VulKG

This repo contains the data and codes for the paper submitted to ACM TKDD, titled "A Compact Vulnerability Knowledge Graph for Risk Assessment".

1. Repo Structure

VulKG
├── README.md 
├── import
│   ├── AffectsAddProperty.csv
│   ├── DomainNodes_Vulnerabiliy_HAS_REFERENCE_Domain_relationship.csv
│   ├── ExploitNodes.csv
│   ├── ProductNodes_VendorNodes_Vulnerability_AFFECTS_Product_BELONGS_TO_Vendor.csv
│   ├── VulnerabilityNodes.csv
│   ├── VulnerabilityNodesAddProperties.csv
│   ├── Vulnerabiliy_HAS_EXPLOIT_Exploit_relationship.csv
│   └── WeaknessNodes.csv
├── DescriptionEmbedding
│   └── VulnerabilityNodesTextEmbedding20.pkl
├── 2.VulKG_Deployment_Cypher.cypher
├── 3.3.VCBD_link_prediction.py
├── 3.4.1.Plot_F1_score_comparison.py
├── 3.5.1.select_co_exploitation_links_in_training_and_test_sets.py
├── 3.5.2.CO_AFFECT_subgraph_and_topological_feature_extraction.py
├── 3.5.3.non_topological_feature_extraction.py
└── 3.5.3.non_topological_feature_extraction.py

Folder import contains all original data for VulKG deployment.

Folder DescriptionEmbedding contains the 20-dimensional extracted feature from vulnerability descriptions using a pre-trained BERT model. This file will be used in 3.5.3.non_topological_feature_extraction.py.

File 2.VulKG_Deployment_Cypher.cypher contains the cypher codes for VulKG deployment on the Neo4j graph database platform, described in Section 2.

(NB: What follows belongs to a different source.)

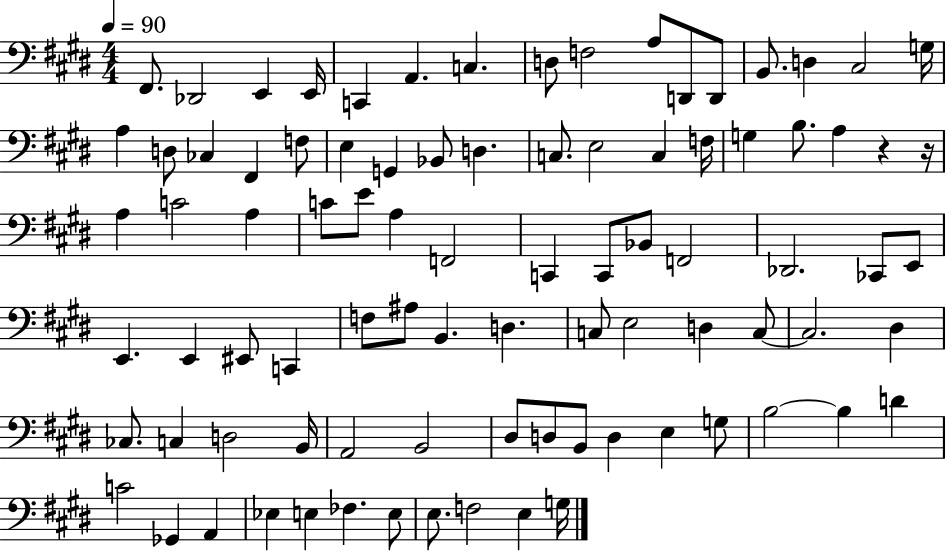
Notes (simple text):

F#2/e. Db2/h E2/q E2/s C2/q A2/q. C3/q. D3/e F3/h A3/e D2/e D2/e B2/e. D3/q C#3/h G3/s A3/q D3/e CES3/q F#2/q F3/e E3/q G2/q Bb2/e D3/q. C3/e. E3/h C3/q F3/s G3/q B3/e. A3/q R/q R/s A3/q C4/h A3/q C4/e E4/e A3/q F2/h C2/q C2/e Bb2/e F2/h Db2/h. CES2/e E2/e E2/q. E2/q EIS2/e C2/q F3/e A#3/e B2/q. D3/q. C3/e E3/h D3/q C3/e C3/h. D#3/q CES3/e. C3/q D3/h B2/s A2/h B2/h D#3/e D3/e B2/e D3/q E3/q G3/e B3/h B3/q D4/q C4/h Gb2/q A2/q Eb3/q E3/q FES3/q. E3/e E3/e. F3/h E3/q G3/s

Files 3.3 - 3.5.3 are the python codes for the use case, Vulnerability Co-Exploitation Behaviour Discovery (VCBD), on the VulKG.

2. VulKG Deployment

This section introduces how to deploy the VulKG into the Neo4j graph database platform.

2.1 Programming Language

Cypher Query Language

2.2 Software/Platform

Neo4j Desktop

2.3 A step-by-step guide for VulKG Deployment

Download (from here) and install (refer here) Neo4j Desktop 1.4.15 or higher versions
Create a project named VulKG Project with Neo4j Desktop.
Add a local DBMS named Graph DBMS with Neo4j Desktop and set the password as Neo4j. Choose version 4.4.11 for Graph DBMS.
Start Graph DBMS
Install APOC (refer here) and Graph Data Science Library (refer here) plugins for Graph DBMS with Neo4j Desktop.
Open the setting file of Graph DBMS and add a line as below in the setting file.

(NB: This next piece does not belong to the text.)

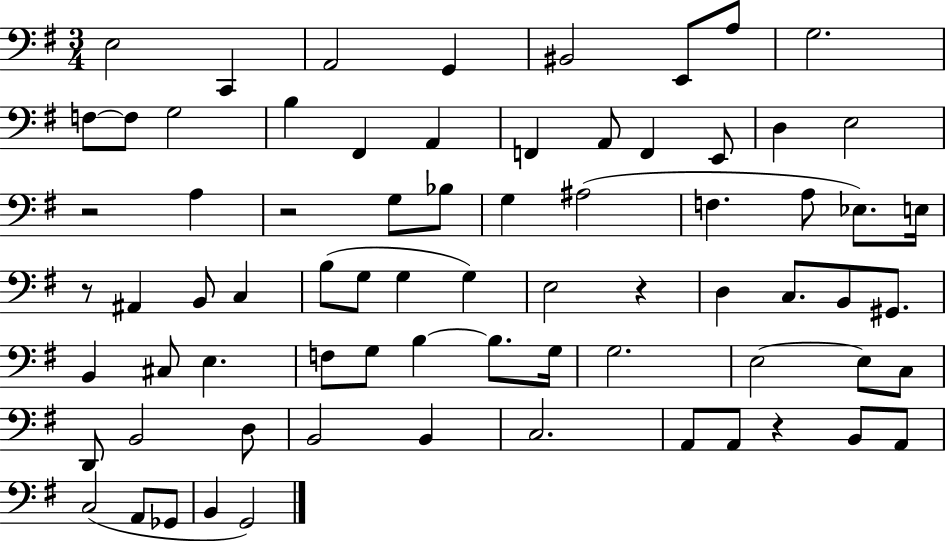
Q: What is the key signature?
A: G major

    apoc.import.file.enabled=true

to tackle an error:

    Failed to invoke procedure `apoc.periodic.iterate`: Caused by: 
    java.lang.RuntimeException: Import from files not enabled, please set 
    apoc.import.file.enabled=true in your apoc.conf

Put all files in the import folder into the import folder of Graph DBMS.
Open Graph DBMS with Neo4j Browser. Since Neo4j Browser comes out-of-the-box when you install Neo4j Desktop on your system, no installation is required.
Click the Enable multi statement query editor to enable running multiple Cypher statements separated by semi-colons ; in the Neo4j Browser setting.
Run Cypher statements in the 2.VulKG_Deployment_Cypher.cypher file with the Neo4j Browser to deploy VulKG.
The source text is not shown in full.